ARTICLE 2 – LA REMUNERATION : LE MAINTIEN DES ACQUIS
Le présent article a pour but de recenser les mesures négociées et ayant abouti à la conclusion d’un accord collectif portant sur la rémunération, le temps de travail et le partage de la valeur au sein de l’ADPEP 30, en date du 14 juin 2022. Depuis, les clauses portant sur
La médaille d’honneur du travail,
Les heures complémentaires et supplémentaires
de cet accord à durée déterminée ont été renouvelées lors des négociations annuelles 2023 et 2024 jusqu’à être à nouveau à l’ordre du jour du présent accord.
À l’occasion des N.A.O, il est fait une ré-étude de ces mesures afin de réfléchir à la pertinence et la faisabilité de reconduire ou non lesdites mesures dans le cadre de la négociation voir de la conclusion d’un nouvel accord collectif d’entreprise portant sur la rémunération à durée déterminée. C’est le cas lors des présentes N.A.O 2025 au sein de l’ADPEP 30. Il est naturellement entendu que , conformément aux dispositions de l’article L. 2222-4 du Code du travail, à l’arrivée de son terme, le présent accord cessera de produire ses effets.
Article 2-1 La médaille d’honneur du travail
Afin de récompenser l’ancienneté de service des salariés, ou la qualité de leur travail, des dispositions réglementaires prévoient la possibilité d’octroi de médailles du travail. La délivrance de cette dernière ouvre la possibilité pour l’employeur d’attribuer au salarié une gratification exonérée fiscalement et socialement dans la limite d’un (1) mois maximum de salaire brut.
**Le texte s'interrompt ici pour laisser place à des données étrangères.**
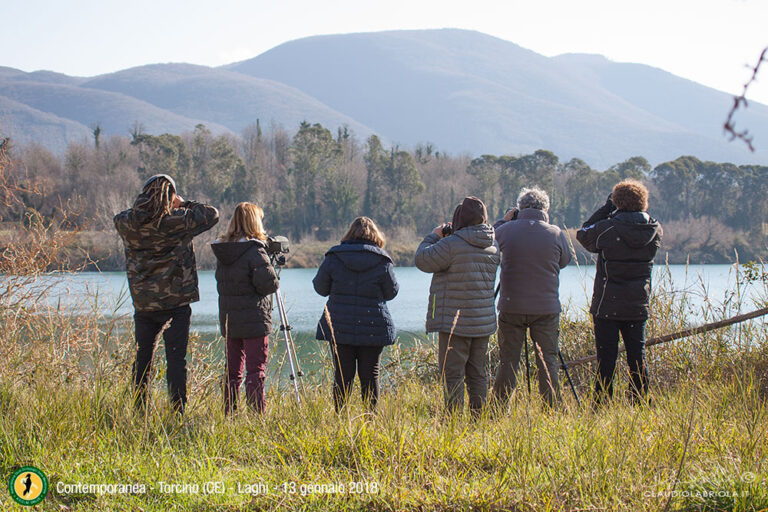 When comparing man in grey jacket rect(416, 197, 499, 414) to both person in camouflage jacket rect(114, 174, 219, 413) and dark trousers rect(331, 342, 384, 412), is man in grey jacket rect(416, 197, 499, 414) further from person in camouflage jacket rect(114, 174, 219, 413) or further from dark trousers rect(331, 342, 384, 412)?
person in camouflage jacket rect(114, 174, 219, 413)

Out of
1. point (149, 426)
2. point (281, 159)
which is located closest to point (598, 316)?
point (149, 426)

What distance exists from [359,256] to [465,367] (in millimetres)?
1009

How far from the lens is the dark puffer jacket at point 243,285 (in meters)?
4.06

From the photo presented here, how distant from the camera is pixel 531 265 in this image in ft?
13.8

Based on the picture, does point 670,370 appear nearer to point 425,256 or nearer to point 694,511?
point 425,256

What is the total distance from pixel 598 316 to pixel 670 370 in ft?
4.63

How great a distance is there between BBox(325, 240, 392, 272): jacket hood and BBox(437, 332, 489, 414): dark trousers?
2.09 ft

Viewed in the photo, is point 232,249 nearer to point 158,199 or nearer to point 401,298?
point 158,199

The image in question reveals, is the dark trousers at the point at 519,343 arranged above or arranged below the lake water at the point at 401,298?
above

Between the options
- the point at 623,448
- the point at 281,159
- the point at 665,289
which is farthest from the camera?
the point at 281,159

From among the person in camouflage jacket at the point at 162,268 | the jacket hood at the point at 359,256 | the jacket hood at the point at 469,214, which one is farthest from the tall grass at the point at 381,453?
the jacket hood at the point at 469,214

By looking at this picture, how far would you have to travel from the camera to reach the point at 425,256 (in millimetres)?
3955

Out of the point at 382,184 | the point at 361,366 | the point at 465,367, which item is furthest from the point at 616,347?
the point at 382,184

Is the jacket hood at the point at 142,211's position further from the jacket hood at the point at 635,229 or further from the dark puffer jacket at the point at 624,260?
the jacket hood at the point at 635,229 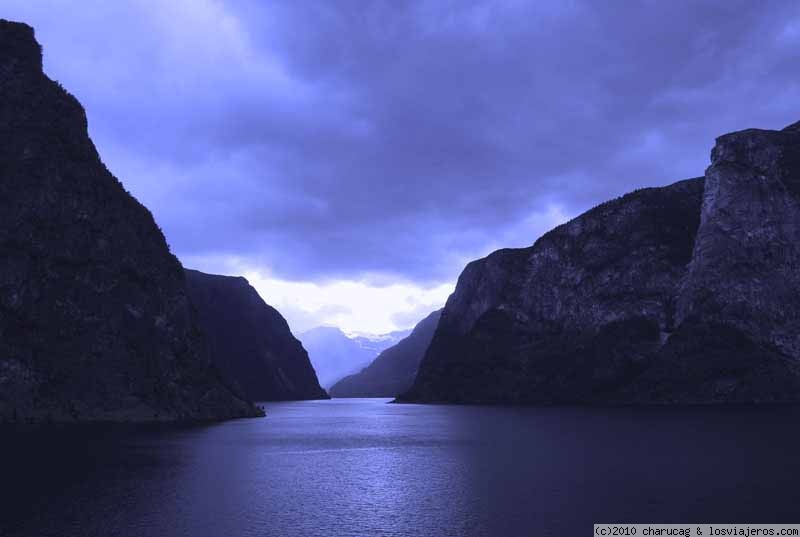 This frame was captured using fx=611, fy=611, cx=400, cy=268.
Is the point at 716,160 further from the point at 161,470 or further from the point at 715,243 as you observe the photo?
the point at 161,470

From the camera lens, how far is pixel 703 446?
194 feet

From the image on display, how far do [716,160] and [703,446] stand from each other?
147 m

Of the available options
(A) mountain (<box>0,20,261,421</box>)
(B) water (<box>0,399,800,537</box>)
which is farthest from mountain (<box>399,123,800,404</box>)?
(A) mountain (<box>0,20,261,421</box>)

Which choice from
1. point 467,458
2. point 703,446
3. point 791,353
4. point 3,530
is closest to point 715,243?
point 791,353

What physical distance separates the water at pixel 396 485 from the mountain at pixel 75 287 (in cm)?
3394

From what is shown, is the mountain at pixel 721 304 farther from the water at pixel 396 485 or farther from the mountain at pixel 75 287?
the mountain at pixel 75 287

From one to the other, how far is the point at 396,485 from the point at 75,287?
9576cm

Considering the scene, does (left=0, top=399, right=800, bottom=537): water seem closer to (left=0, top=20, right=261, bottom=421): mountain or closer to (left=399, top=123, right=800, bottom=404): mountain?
(left=0, top=20, right=261, bottom=421): mountain

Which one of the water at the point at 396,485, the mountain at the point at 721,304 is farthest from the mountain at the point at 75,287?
the mountain at the point at 721,304

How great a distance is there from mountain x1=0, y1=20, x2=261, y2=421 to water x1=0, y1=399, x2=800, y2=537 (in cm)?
3394

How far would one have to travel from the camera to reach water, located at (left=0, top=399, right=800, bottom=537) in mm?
30641

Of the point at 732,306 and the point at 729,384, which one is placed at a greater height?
the point at 732,306

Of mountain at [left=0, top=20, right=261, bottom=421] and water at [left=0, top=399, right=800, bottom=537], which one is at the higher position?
mountain at [left=0, top=20, right=261, bottom=421]

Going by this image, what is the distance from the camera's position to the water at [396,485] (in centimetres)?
3064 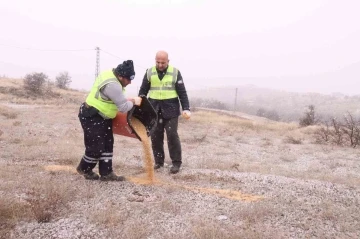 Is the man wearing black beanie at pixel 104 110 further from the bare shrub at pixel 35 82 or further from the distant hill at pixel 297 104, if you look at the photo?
the distant hill at pixel 297 104

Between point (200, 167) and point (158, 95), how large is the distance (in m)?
1.76

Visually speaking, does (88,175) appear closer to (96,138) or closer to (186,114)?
(96,138)

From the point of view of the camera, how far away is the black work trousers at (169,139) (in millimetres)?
6633

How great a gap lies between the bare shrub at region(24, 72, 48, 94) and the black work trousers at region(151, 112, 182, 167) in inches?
1058

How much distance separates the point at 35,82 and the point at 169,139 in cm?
2814

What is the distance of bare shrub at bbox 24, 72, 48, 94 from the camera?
31688mm

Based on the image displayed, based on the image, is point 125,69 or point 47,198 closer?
point 47,198

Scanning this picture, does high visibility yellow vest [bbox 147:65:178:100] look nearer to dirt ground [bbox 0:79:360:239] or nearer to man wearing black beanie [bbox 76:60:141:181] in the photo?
man wearing black beanie [bbox 76:60:141:181]

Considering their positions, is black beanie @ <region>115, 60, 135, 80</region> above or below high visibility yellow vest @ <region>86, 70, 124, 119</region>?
above

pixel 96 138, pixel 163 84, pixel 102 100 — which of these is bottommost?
pixel 96 138

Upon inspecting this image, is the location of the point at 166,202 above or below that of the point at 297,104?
above

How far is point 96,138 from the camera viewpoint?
5.38 m

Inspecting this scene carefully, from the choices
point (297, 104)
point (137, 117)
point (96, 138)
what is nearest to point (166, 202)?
point (96, 138)

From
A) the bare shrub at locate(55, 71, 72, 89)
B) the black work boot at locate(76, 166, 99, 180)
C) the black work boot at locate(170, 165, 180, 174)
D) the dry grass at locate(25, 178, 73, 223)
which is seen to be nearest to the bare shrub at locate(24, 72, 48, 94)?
the bare shrub at locate(55, 71, 72, 89)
L’employeur proposera, deux fois par an par la voie d’une note de service diffusée et affichée dans tous les établissements aux lieux et place prévues pour l’affichage associatif une campagne de médaille d’honneur du travail. La note de service détaillera toute la procédure tant pour la demande que pour la remise par l’employeur. Les salariés, remplissant les conditions d’ancienneté évoquées à l’article 2.1.3 du présent accord, pourront s’il le souhaite, lors de ces campagnes biannuelle, formaliser leur demande auprès de l’employeur par courrier. Pour autant, en dehors de cette information annuelle, le salarié qui le souhaite peut adresser sa demande par courrier recommandé avec avis de réception au siège de l’association à tout moment.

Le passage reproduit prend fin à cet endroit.